Pour toutes ces raisons, les écologistes voteront contre cette proposition de loi.
M. le président. La parole est à M. Christian Cambon.
M. Christian Cambon. Monsieur le président, monsieur le ministre, mes chers collègues, compte tenu du contexte agricole particulièrement concurrentiel, il est aujourd’hui indispensable que notre pays puisse développer la recherche afin de promouvoir des produits de qualité.

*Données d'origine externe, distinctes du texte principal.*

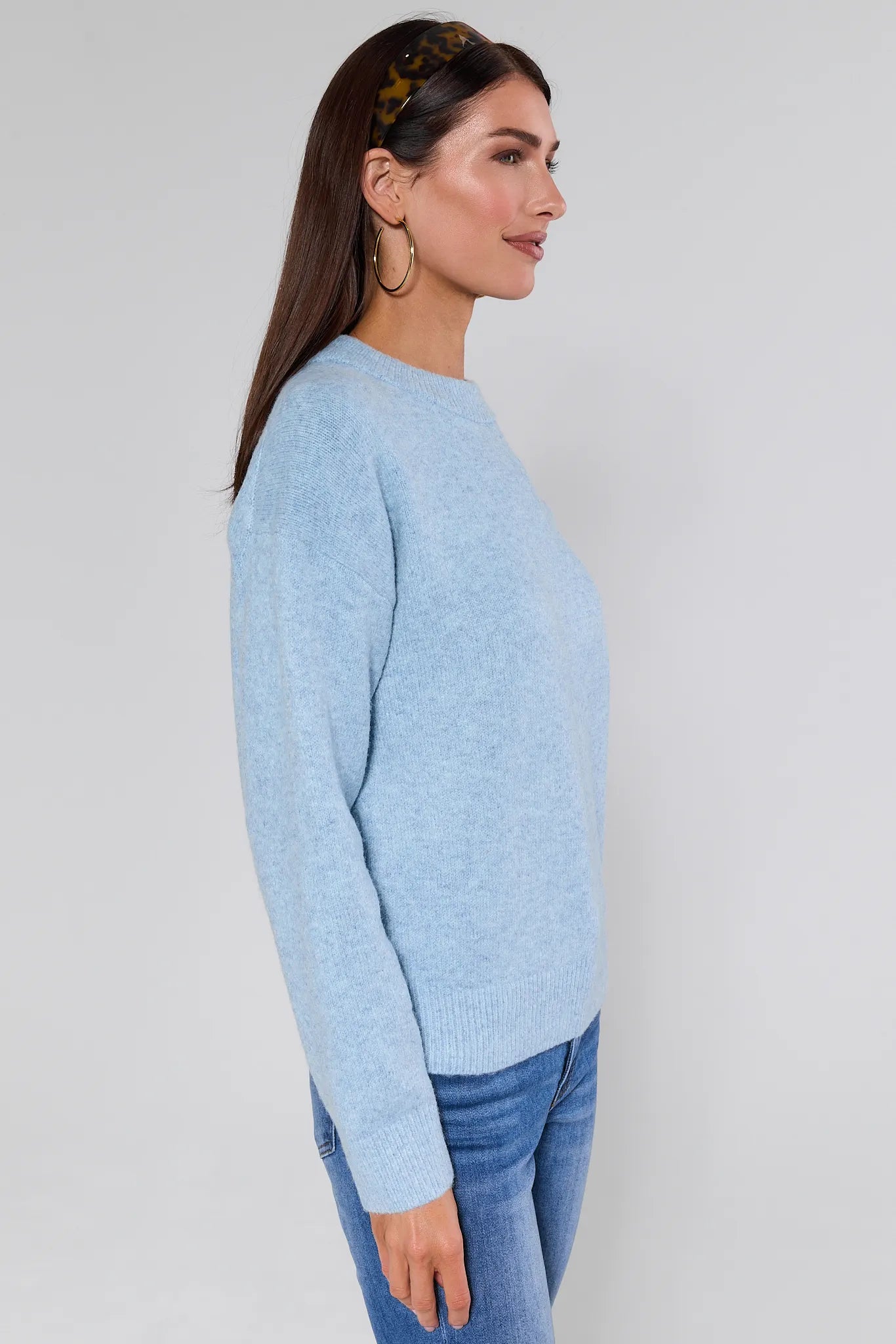 Woman wearing a Natalie Sweater and jeans against a plain background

L’innovation est l’une des clés de la compétitivité de nos filières agricoles comme du respect de l’environnement et elle contribue à la biodiversité.
En France, la recherche agronomique est assise sur un modèle original de protection de la propriété intellectuelle : le certificat d’obtention végétale, ou COV. Ce modèle permet de défendre un juste équilibre entre protection du propriétaire et intérêt de l’utilisateur. Aussi, notre pays se doit de conforter la spécificité du COV, puisque la filière semencière française est une référence.

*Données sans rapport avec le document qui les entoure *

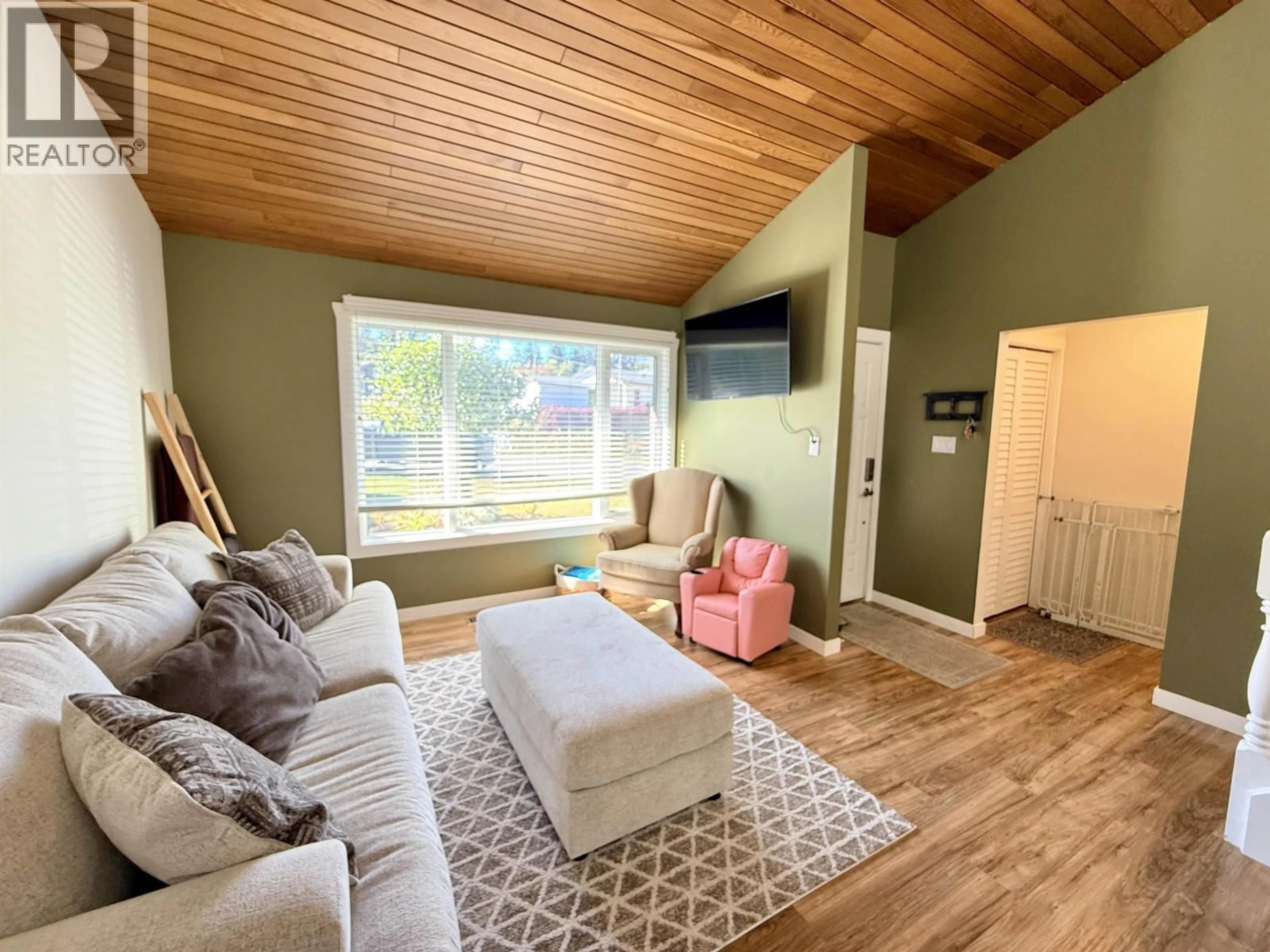 Living room with furniture, wood/laminate floor for 2838 INGALA DRIVE, Prince George British Columbia V2K3Z8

Le groupe UMP a tenu à faire inscrire à l’ordre du jour des travaux du Parlement cette proposition de loi, présentée par notre collègue Christian Demuynck, que je souhaite saluer ici au nom de mes collègues, texte qui vise trois enjeux majeurs pour l’avenir de l’agriculture française.
Il s’agit, premièrement, de consolider notre modèle de protection de la propriété intellectuelle sur les obtentions végétales. Il convient, deuxièmement, de fournir à nos agriculteurs un cadre juridique précis en matière d’utilisation des semences de ferme, c’est-à-dire des graines issues de la récolte. Il faut, troisièmement, garantir la pérennité de l’effort de recherche en matière de variétés végétales, en garantissant sa juste rémunération.
Cette proposition de loi donnera un nouveau signe concret de l’engagement de notre pays en matière de recherche et d’innovation. Dans l’intérêt bien compris des agriculteurs, elle clarifie et simplifie les conditions d’utilisation de semences de variétés protégées.
Je tiens enfin à saluer l’excellent travail de notre rapporteur, Rémy Pointereau, qui a permis que des améliorations essentielles soient apportées au texte. La commission a notamment souhaité favoriser la conservation des collections de variétés anciennes ; elle a tenu également à inscrire dans le texte la reconnaissance du droit des agriculteurs à utiliser des semences de ferme.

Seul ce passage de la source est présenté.